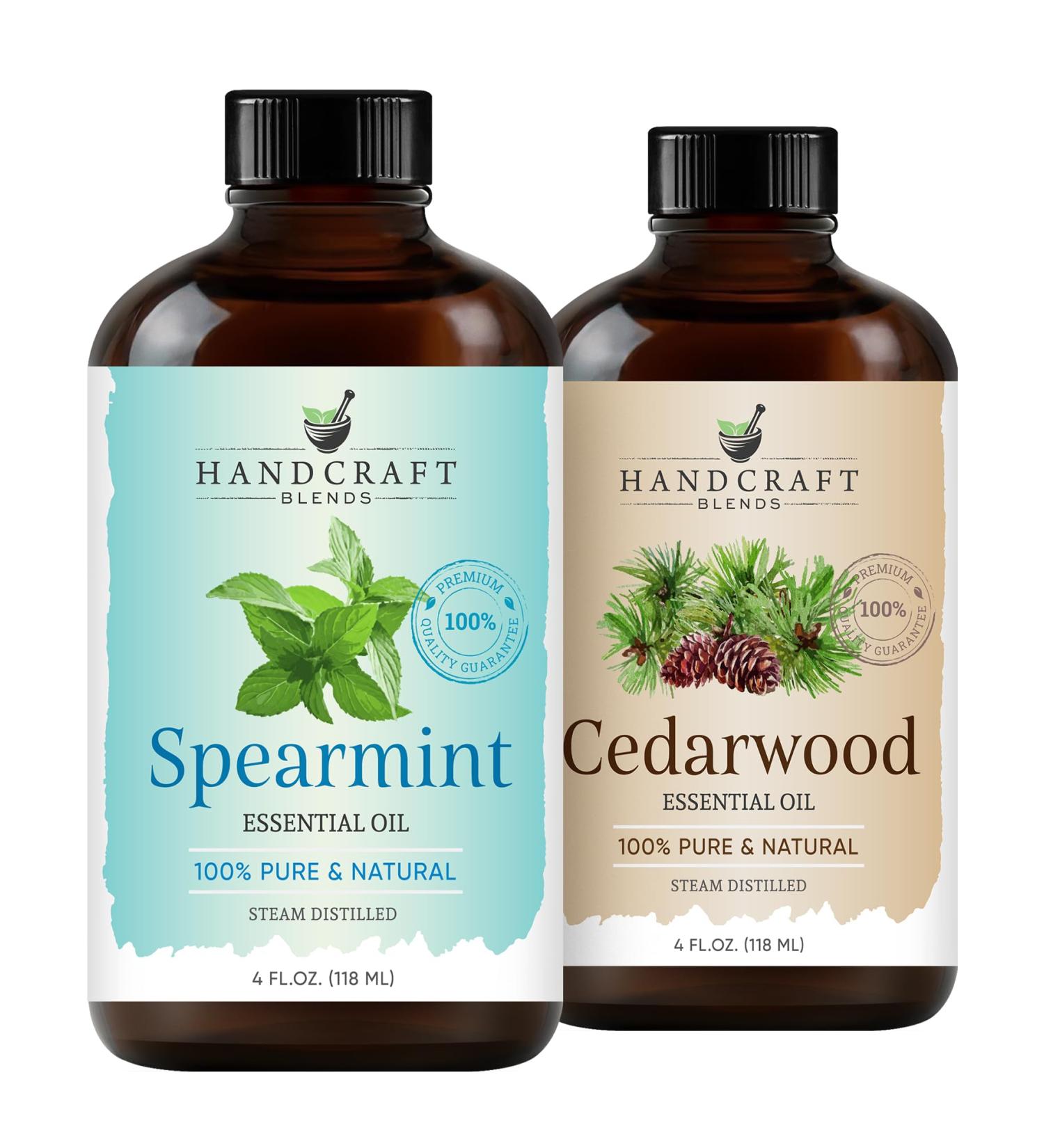 Handcraft Blends Forest Mint Set: Cedarwood and Spearmint Essential Oils (2 x 4 Fl Oz) 100% Pure & Natural for Diffuser Aromatherapy and DIY Projects - Buy Online on GoSupps.com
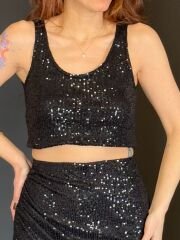 SİYAH PUL PAYET ATLET CROP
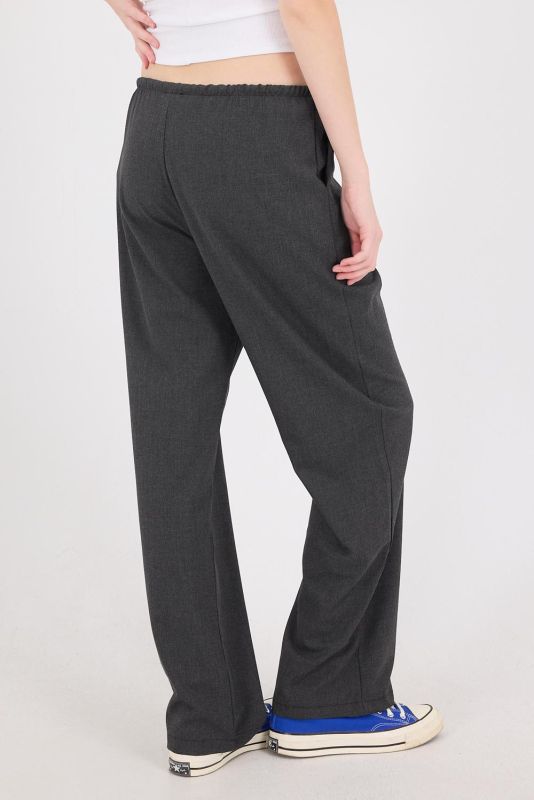 Gray Elastic Waist Wide Leg Pants PN13832-K4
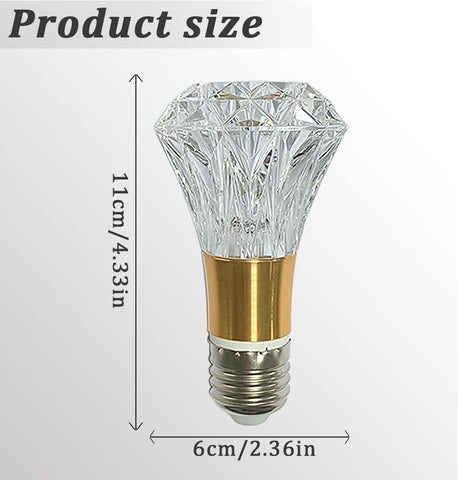 Acrylic Crystal Bulb 5W Edison Screw Light 85-265V, 3000K Warm Light, E27 Base Professional Decorative lamp (1 Count E27-B009) [Energy Class F]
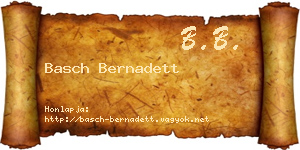 Basch Bernadett névjegykártya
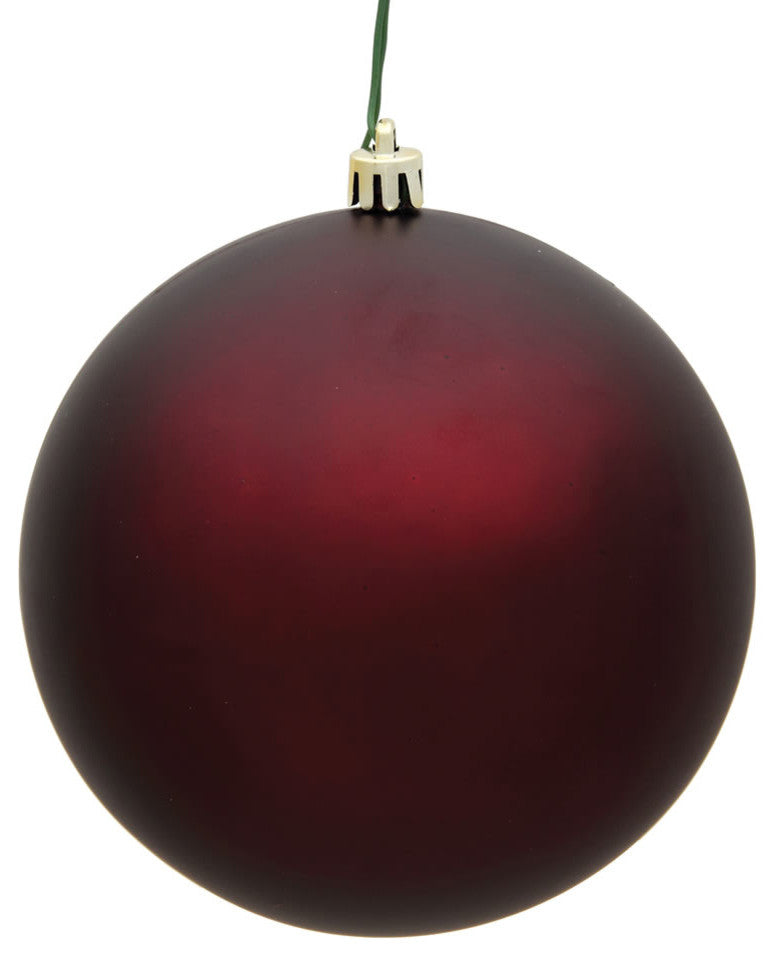Vickerman 6" Burgundy Matte Ball Ornament, 4 per Bag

____

Could the material above be given again exactly, pictures excluded?

 Handcraft Blends Forest Mint Set: Cedarwood and Spearmint Essential Oils (2 x 4 Fl Oz) 100% Pure & Natural for Diffuser Aromatherapy and DIY Projects - Buy Online on GoSupps.com
 SİYAH PUL PAYET ATLET CROP
 Gray Elastic Waist Wide Leg Pants PN13832-K4
 Acrylic Crystal Bulb 5W Edison Screw Light 85-265V, 3000K Warm Light, E27 Base Professional Decorative lamp (1 Count E27-B009) [Energy Class F]
 Basch Bernadett névjegykártya
Vickerman 6" Burgundy Matte Ball Ornament, 4 per Bag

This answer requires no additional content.